Each Wet Loan that satisfies the foregoing requirements shall be an Eligible Loan subject to the condition subsequent of physical delivery of its Mortgage Note, Mortgage and all other Basic Papers, to the Custodian on or before seven Business Days after the relevant Purchase Date. Each Wet Loan sold by the Seller shall be irrevocably deemed purchased by the Buyers and shall automatically become a Purchased Loan effective on the date of the related Request/Confirmation, and the Seller shall take all steps necessary or appropriate to cause the sale to the Buyers and delivery to the Custodian of such Wet Loan and its Basic Papers to be completed, perfected and continued in all respects, including causing the original promissory note evidencing such Purchased Loan to be physically delivered to the Custodian within seven Business Days after the relevant Purchase Date, and, if requested by the Administrative Agent, to give written notice to any title agent, closing attorney or other Person in possession of the Basic Papers for such Purchased Loan of the Buyers’ purchase of such Purchased Loan. Upon the Custodian’s receipt of the Basic Papers relative to a Wet Loan such Purchased Loan shall no longer be considered a Wet Loan.

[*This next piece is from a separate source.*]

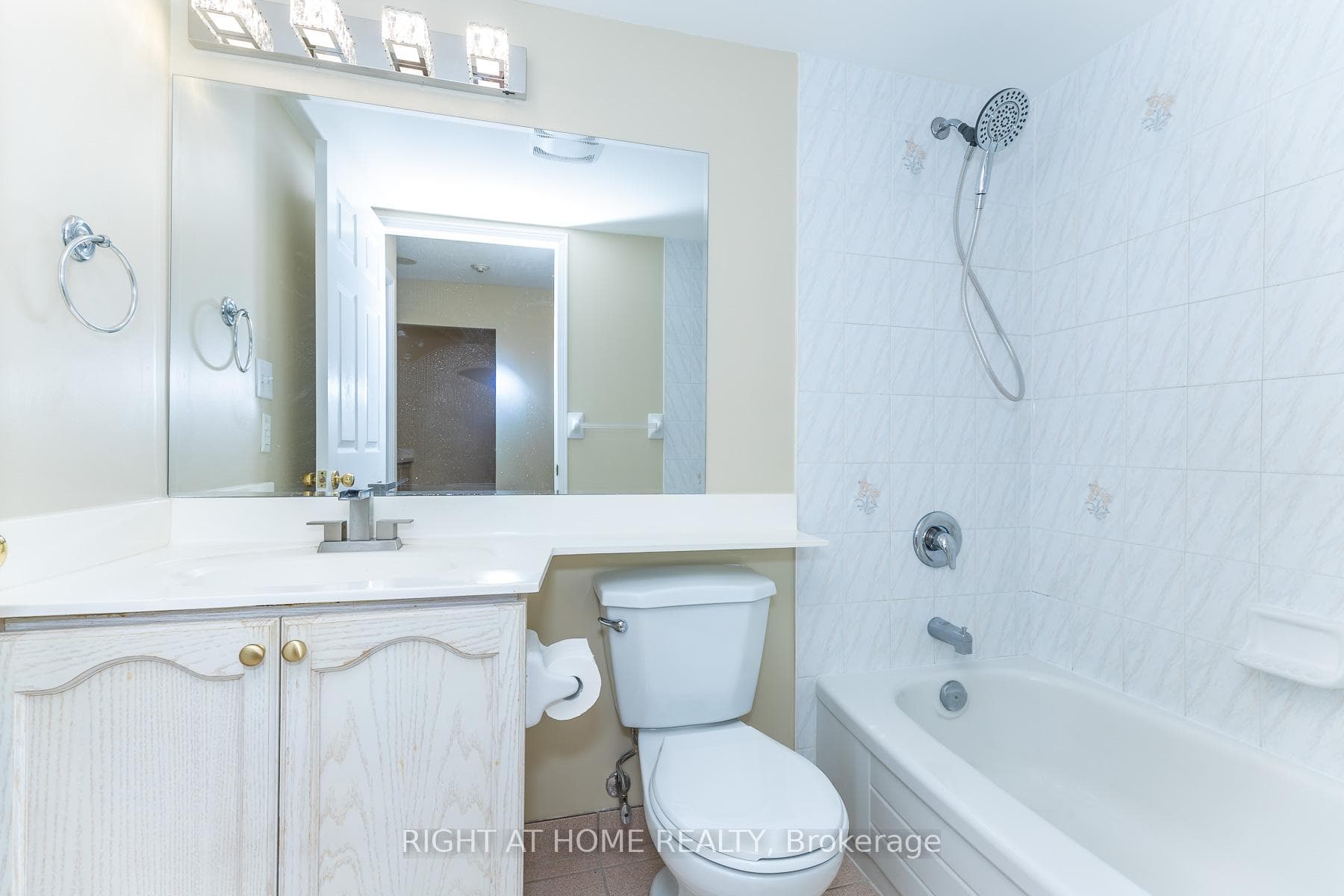 1706- 3 Pemberton Avenue — property photo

“Wet Loans Sublimit” is defined in Section 4.2.
38
“Write-Down and Conversion Powers” means, (a) with respect to any EEA Resolution Authority, the write-down and conversion powers of such EEA Resolution Authority from time to time under the Bail-In Legislation for the applicable EEA Member Country, which write-down and conversion powers are described in the EU Bail-In Legislation Schedule, and (b) with respect to the United Kingdom, any powers of the applicable Resolution Authority under the Bail-In Legislation to cancel, reduce, modify or change the form of a liability of any UK Financial Institution or any contract or instrument under which that liability arises, to convert all or part of that liability into shares, securities or obligations of that person or any other person, to provide that any such contract or instrument is to have effect as if a right had been exercised under it or to suspend any obligation in respect of that liability or any of the powers under that Bail-In Legislation that are related to or ancillary to any of those powers.
1.3Other Definitional Provisions.
(a)Accounting terms not otherwise defined shall have the meanings given them under GAAP.
(b)Defined terms may be used in the singular or the plural, as the context requires.
(c)Except where otherwise specified, all times of day used in the Repurchase Documents are local (U.S. Central Time Zone) times in Minneapolis, Minnesota.
(d)Unless the context plainly otherwise requires (e.g., if preceded by the word “not”), wherever the word “including” or a similar word is used in the Repurchase Documents, it shall be read as if it were written, “including by way of example but without in any way limiting the generality of the foregoing concept or description.”
(e)Unless the context plainly otherwise requires, wherever the term “Administrative Agent” is used in this Agreement (excluding Section 22), it shall be read as if it were written “the Administrative Agent (as agent and representative of the Buyers).”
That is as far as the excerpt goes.